Microtexture and macrotexture formation in the containerless solidification of undercooled Ni–18.7 at.% Sn eutectic melts

Abstract

The microscopic orientations of Ni–18.7 at.% Sn eutectics solidified from undercooled states, in particular, within an individual eutectic colony and among neighboring eutectic colonies, have been measured with respect to the eutectic Ni3Sn and Ni phases; this was done using a scanning electron microscope equipped with the electron backscatter diffraction pattern (EBSP) mapping technique. The EBSPs and inverse pole figures indicate that the Ni3Sn intermetallic compound is continuous and well oriented whereas the Ni solid solution is discontinuous and randomly oriented within an anomalous eutectic grain. Further examination reveals that although Ni particulates are random from an overall view, most neighboring Ni grains have small misorientations of less than 10°. The specific solidification sequence and the effect of released crystallization heat on subsequent crystallization are further considered, which enables the primary Ni phase to segment into individual grains whereas Ni3Sn does not due to higher entropy of fusion.
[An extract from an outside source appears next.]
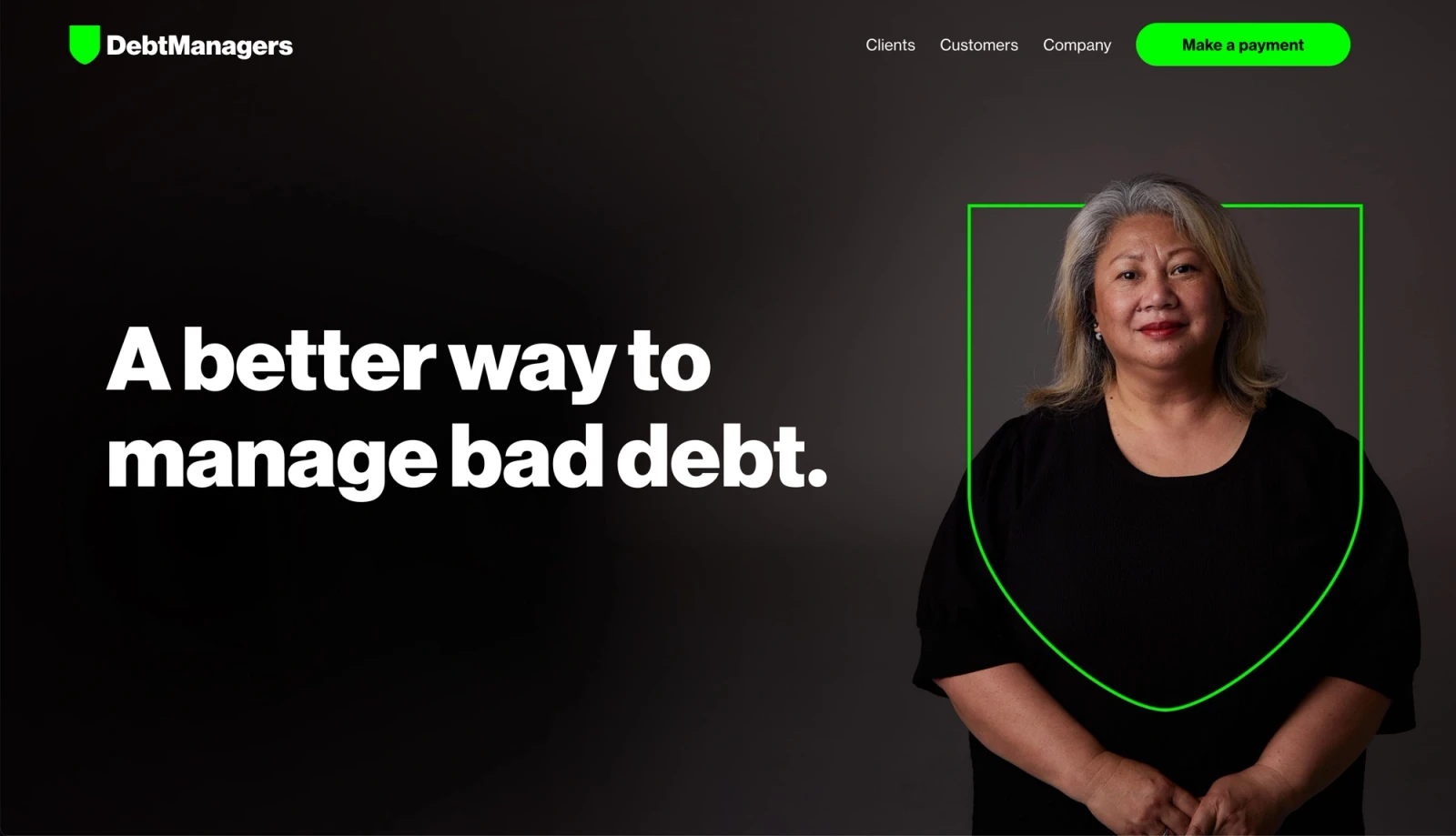 Debt Managers home page hero section - Debt Managers website by Digital Mates, Auckland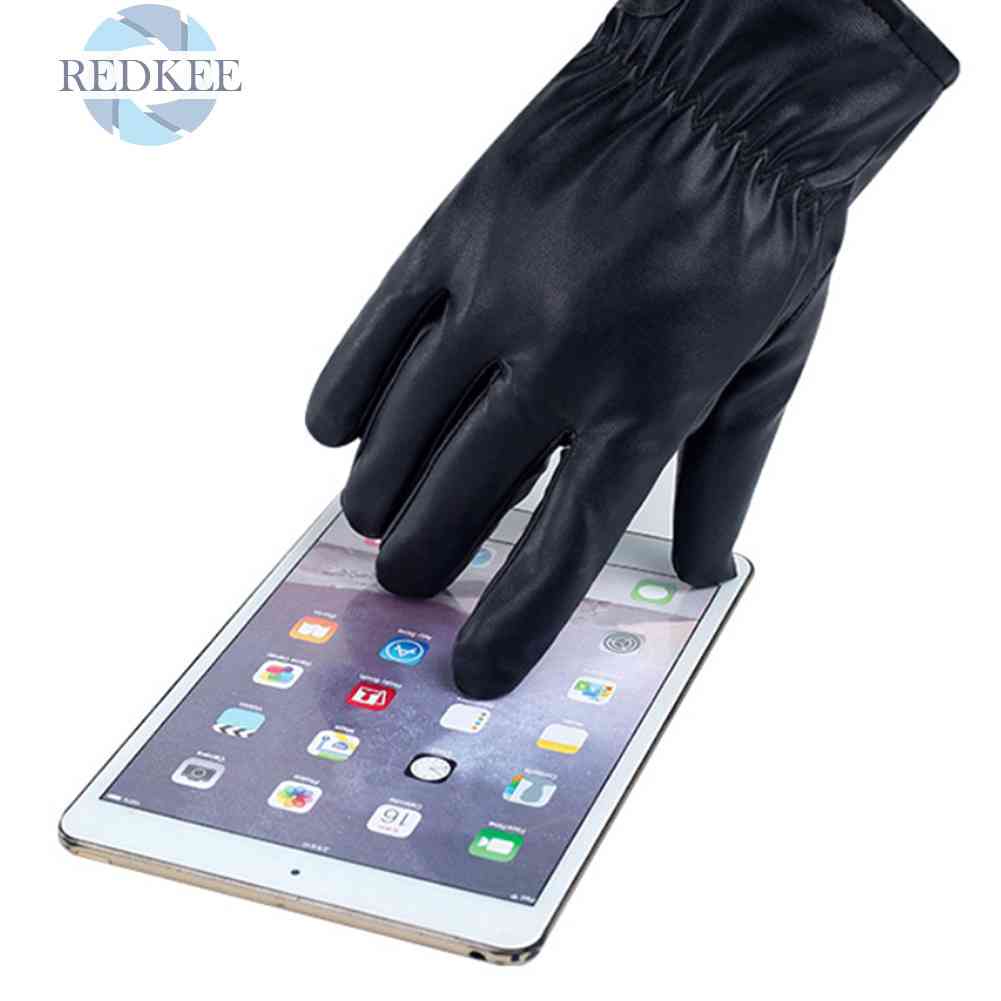 Găng Tay Sưởi Ấm Bằng Da PU Cho Nam Nữ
A little rotation or floating within the constrained framework of the crystallizing Ni3Sn compound may yield small misorientation angles. The discontinuous Ni particulates and continuous Ni3Sn network are of great significance in revealing the anomalous eutectic formation. The orientation among independent eutectic colonies is random owing to the random appearance of nuclei throughout the volume of undercooled melts. The macrotextures of pole figures (PFs) of two eutectic phases are also mapped versus melt undercooling, which can be interpreted well when considering the nucleation frequency, variation of eutectic colony size, microtexture within a single eutectic colony, and the overall microstructure evolution as a function of melt undercooling.